I am having a hard time finding the model of a bike my friend owns. He is wanting to sell it but i think his title is wrone. It says it is a 1979 WR 400 came out of California mid 80`s It has been stored ofr 19 Yeras in his garage i think it is all Orginal seat and fenders too they look a little different then what i have seen.we ran this bike 9 years ago ran great.

I have not found any markings on it but i will look again closer,Can any one tell me how much it is worth? And the model.


Portland, OR

If you would just take the time to look at the steering head, you would find a wealth of information there, including the model and year of manufacture.



I have a 1982 yamaha IT 250 which is hard to start (even with new plug) if you kick it a few imes, the plug gets soaking wet,(must be taken out dried cleaned).

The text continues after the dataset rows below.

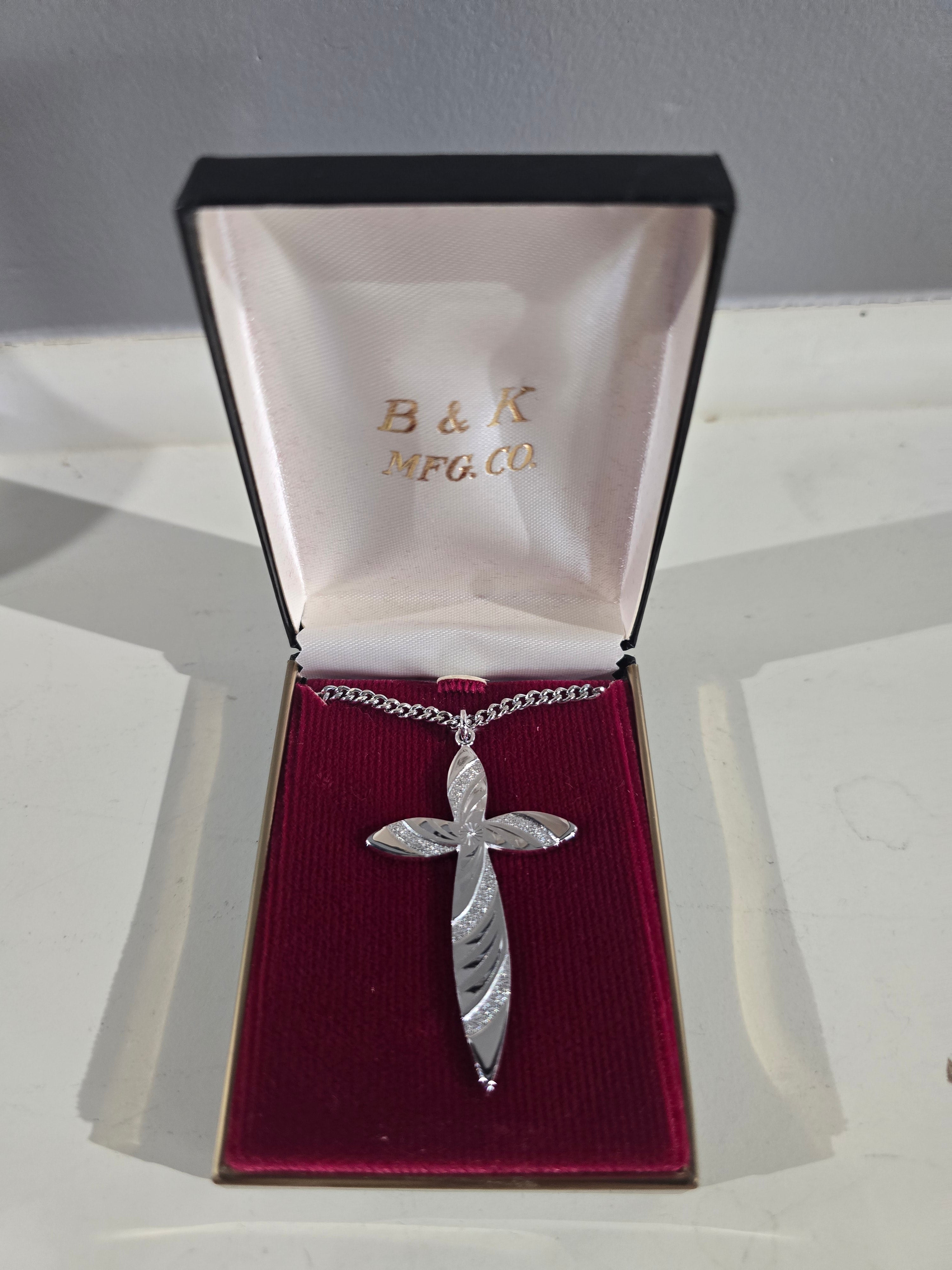 Vintage Sterling Silver Diamond Cut Swirl Textured Cross Necklace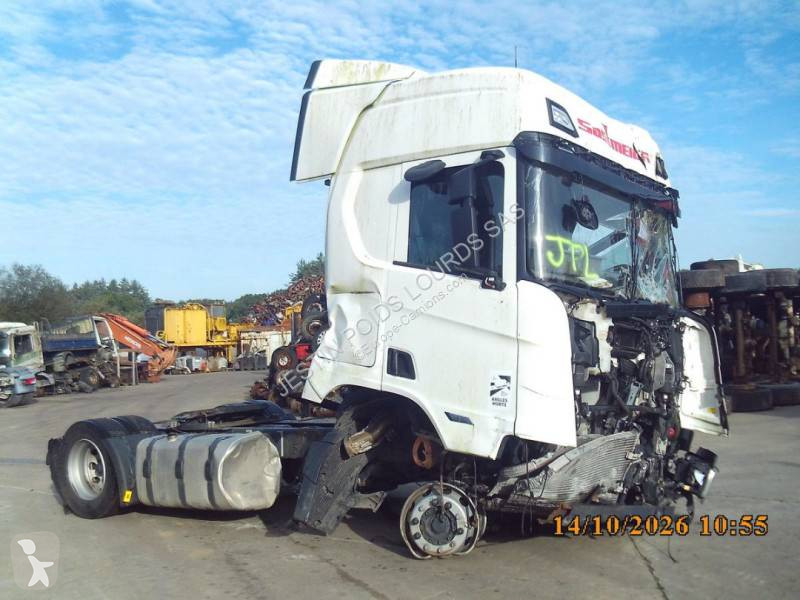 Náhradní díly pro kamiony Scania 460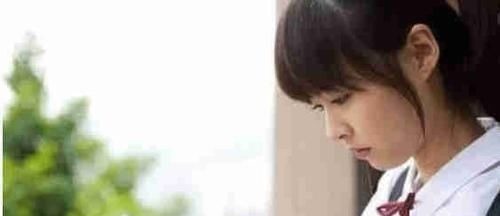 父母|孩子有这3种行为, 是和父母生分了, 不要傻乎乎认为孩子懂事了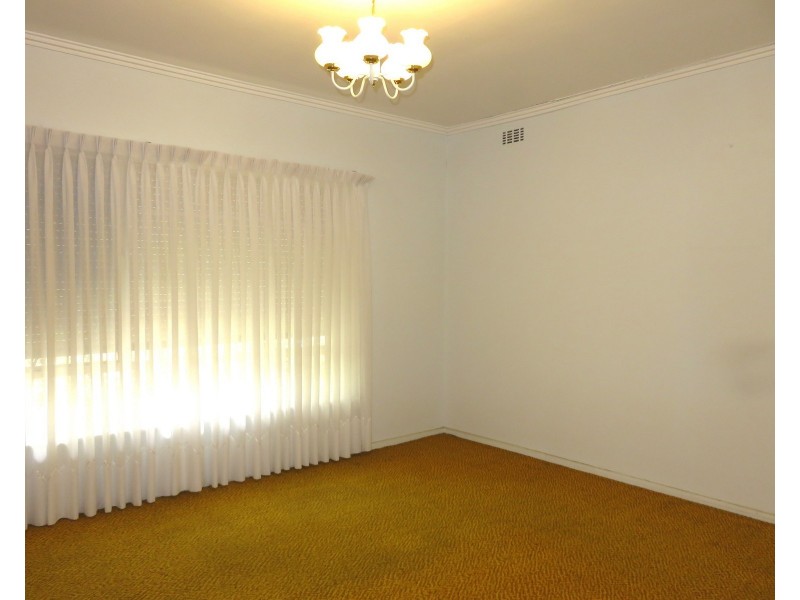 31 Dickens Street, Lalor VIC 3075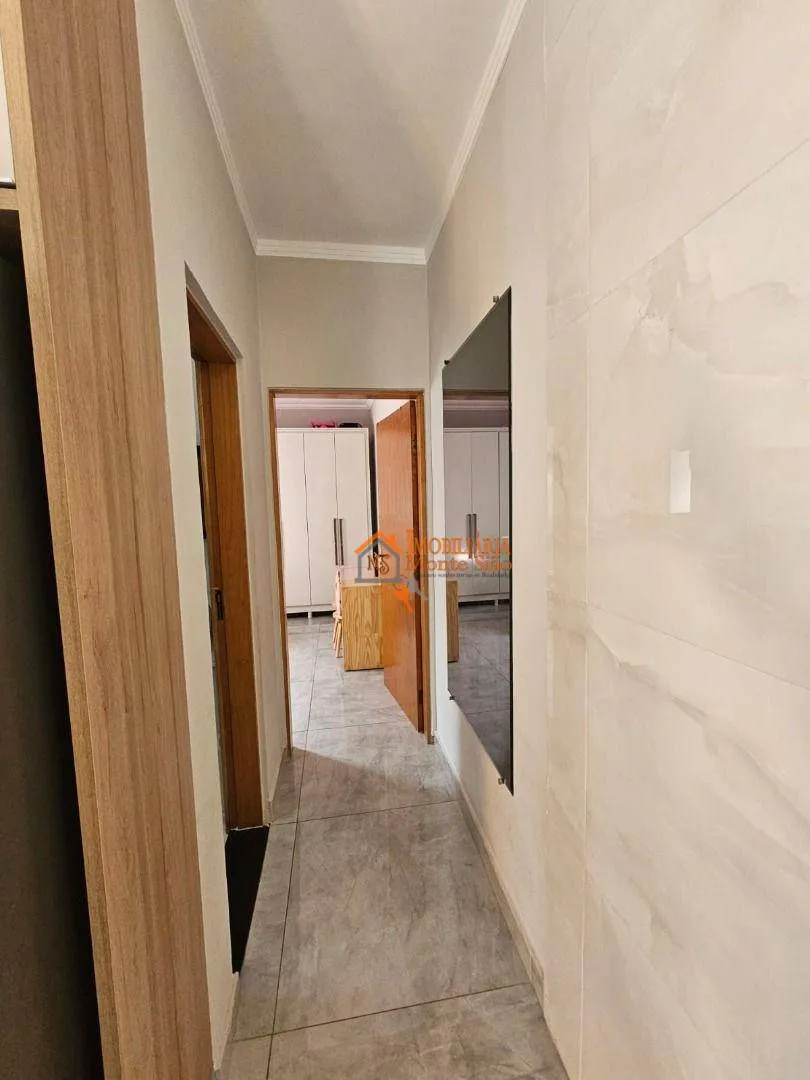 Imagem Casa com 2 dormitórios à venda, 61 m² por R$ 416.000,00 - O Pequeno Coração - Itaquaquecetuba/SP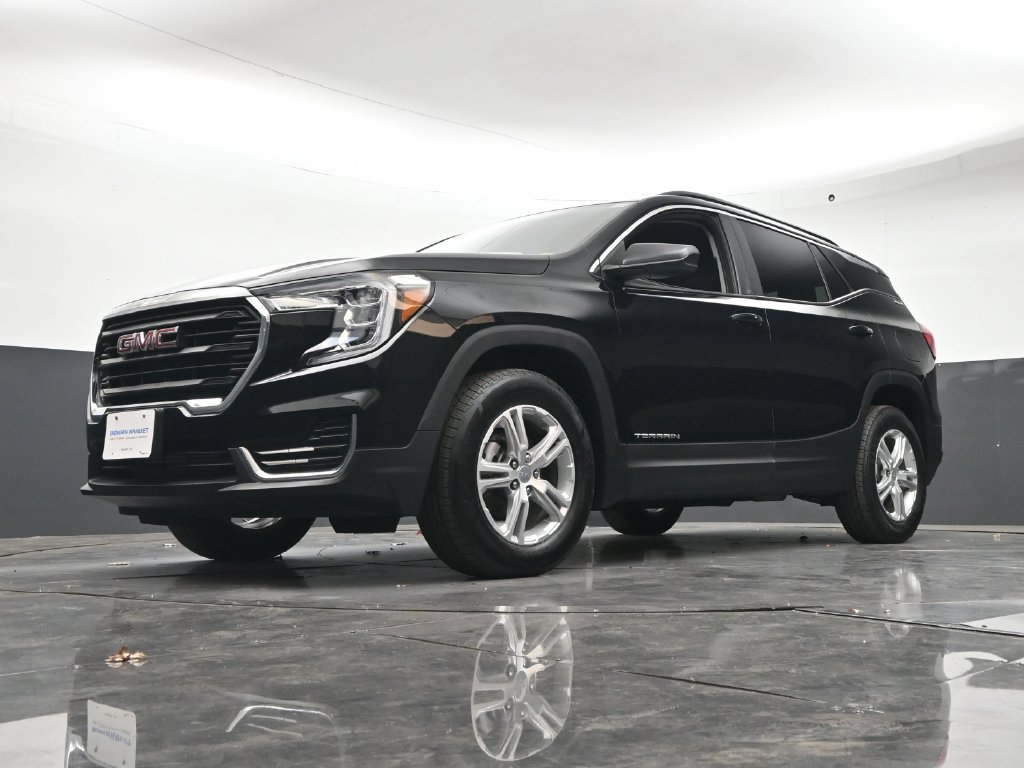 Used 2023 GMC Terrain SLE w/ Driver Convenience Package AWD/4WD image 24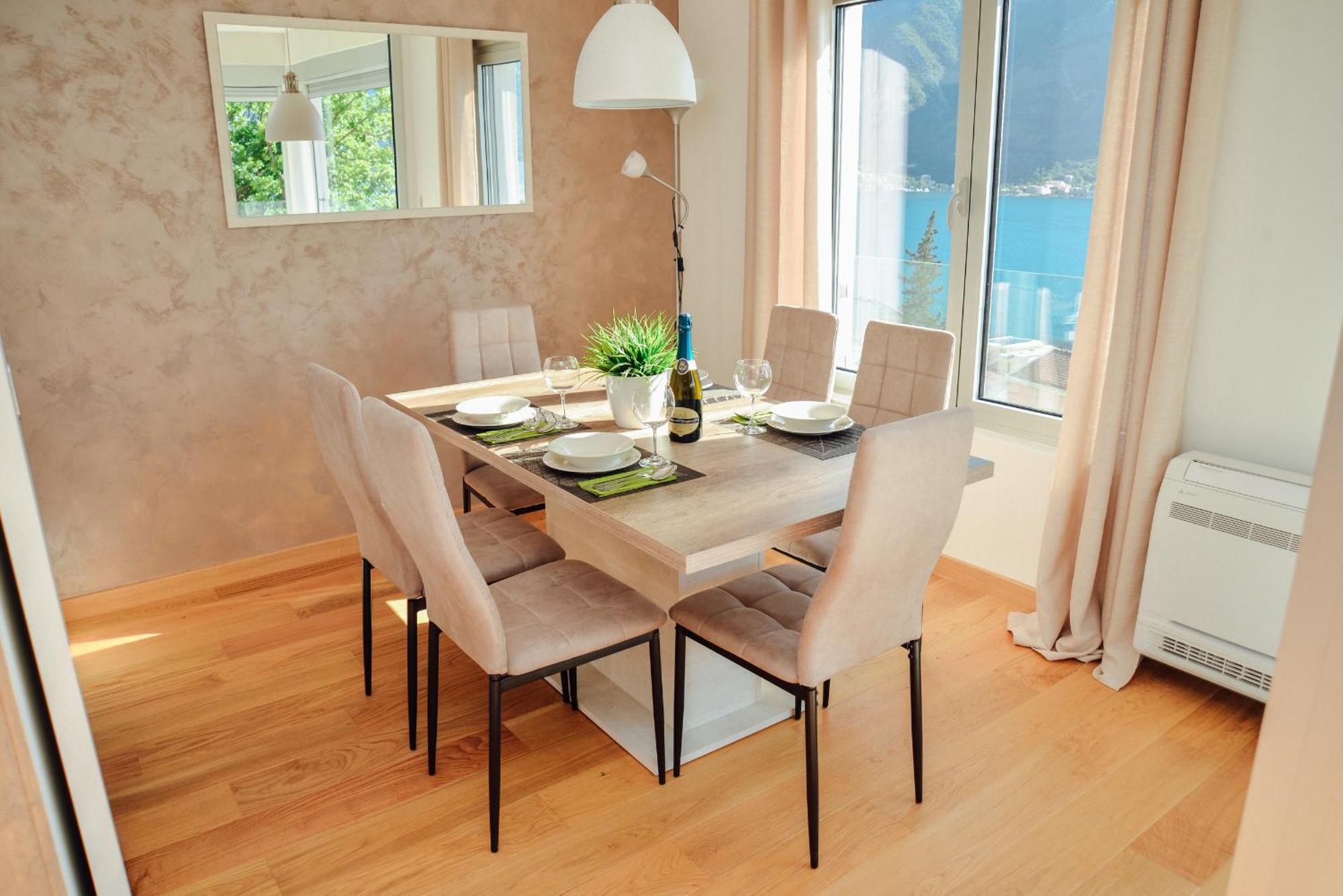 Sea View Apartment For 4 Kotor Buitenkant foto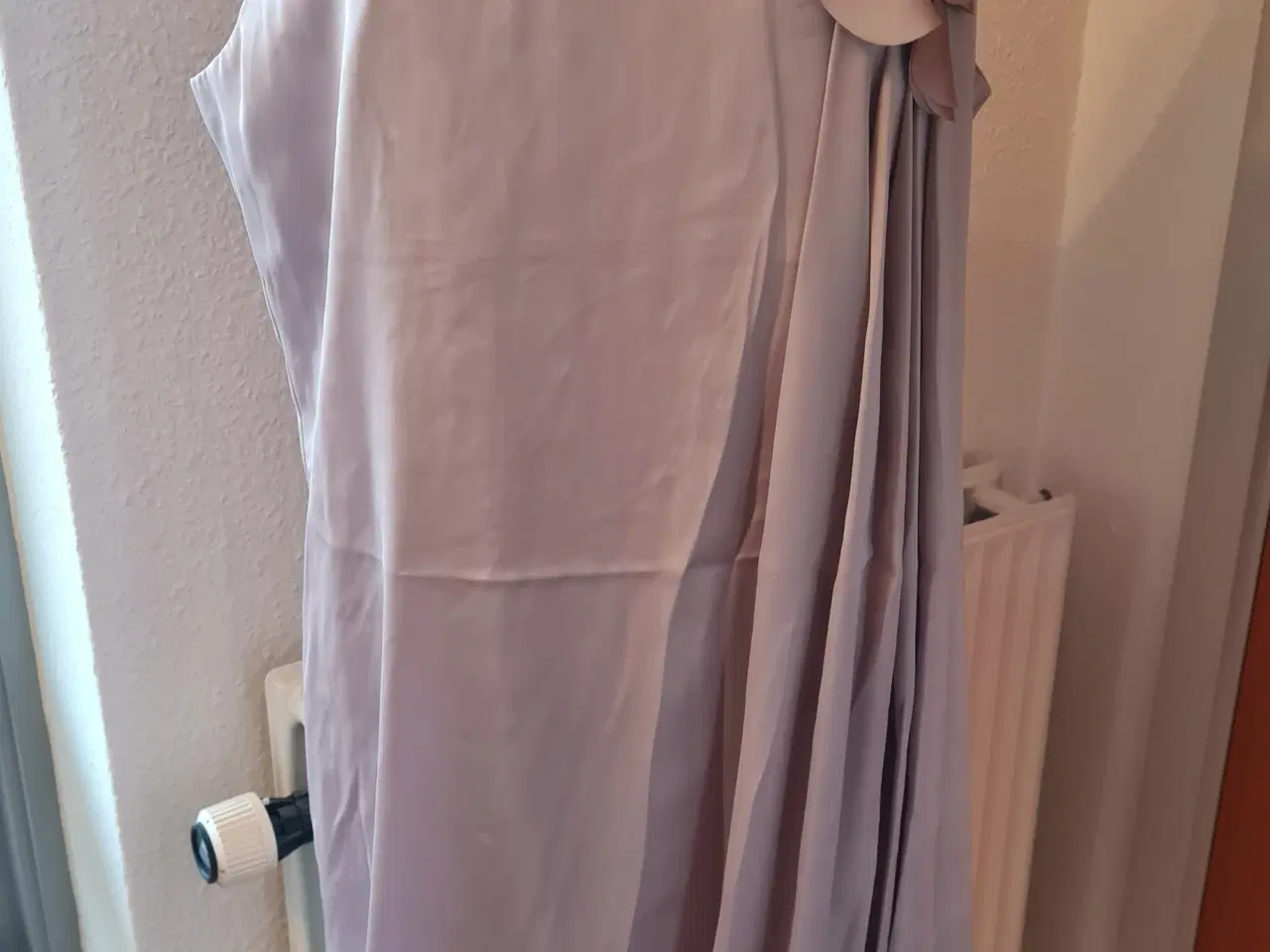 Billede 1 - Kjole str 44 fra H&M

Also when it is running, it starts revving very high as if you cracked the throtle open. When this happens, even the kill switch doesn,t shut the bike off.

I usually shut the gas off /or turn idle screw till it dies, Can anyone tell me what this could be? Also which way do you turn the air fuel mixture screw to make it run leaner? when you do ride it take choke off completely, it usually dies unless you have your hand on the throttle.I have tried adjusting the idle screw. it makes it runable but doesn,t solve the problem of uncontrollable revving. can anyone help? anyone have these problems?


At the age of 46, I’ve decided to begin my racing career, so I recently bought a 1977 RM125 that I’ve been restoring to race on the post-vintage circuit. I have a few questions: 1) What would you recommend to replace the stock rear shocks that won’t cost the proverbial arm and leg and that will still be legal under AHRMA Historic class rules, 2) Should I pre-mix at 20:1 like the manual says, or go to 32:1?

I read that changing the mix ratio will make the bike run richer and I’d rather not mess with the jetting. 3) The original rear tire size is 4.10-18, but I’m having trouble converting that size to a modern size. What is the metric and modern inch equivalent?

4) Do you think this is a good bike to haul my skinny butt around the track in the novice class?

The way to go is Works Performance shocks. If you can’t afford those, the stock shocks are not all that bad if you rebuild them. Go with the 32:1 mix and drop one on the main and move your needle one clip leaner.

A 100 x 80 x 18 is the correct metric size. That 125 is a fun bike to ride.



I am redoing a 1972 susuki tc125. I have got the cylinder bored out, new piston and rings, new gaskets, sprockets, new clutch discs, and am repainting the tank. everything works grate but i do not have the

blinkers for it. I was wondering were is the best place to sell it and how much it is worth in your peoples eyes? not NADA. also if you have any tips for me they would be highly appreciated.



Rapid River, MI

The TC125 did not have blinkers on it like the TC90. Instead, they had some reflectors on the side and that was it. That particular bike is not a highly sought after collector and you would be lucky to get $700 – $800 for it if it was in perfect condition.

Here’s a photo of a stock ’72.

I have a 1979 yz80 and I was wondering if I have to run mixed gas through the thing? If anyone could please help me ,please commet back.



Traer, IA

Of course you do. It’s a racing two stroke.



Hi Rick

Having grown up with Dirt Bike magazine here in South Africa in the early 80’s it’s a helluva honour to write to you. Your Monkey Butt book is the best. OK, so apart from rambling on a bit, I need some very specific help please.

I am looking to help a buddy of mine here with his YZ490. Apparently there was a Dirt Bike article with Broc Glover in the day that described how to sort out this beast. Seems the article covered head, porting, ignition and jetting changes to smooth out the beast.

All I have found so far, is a diagram on a head mod where the edge of the squish band is radiused to eliminate pinging. I have not been able to find the actual article itself.

many thanks


South Africa

By the way; that’s my team mate Gareth in the pic with you.

I hate to be the one to break it to you, but even when all the trick work was done to the 490, it was still a terrible bike. I beg you, give up this madness.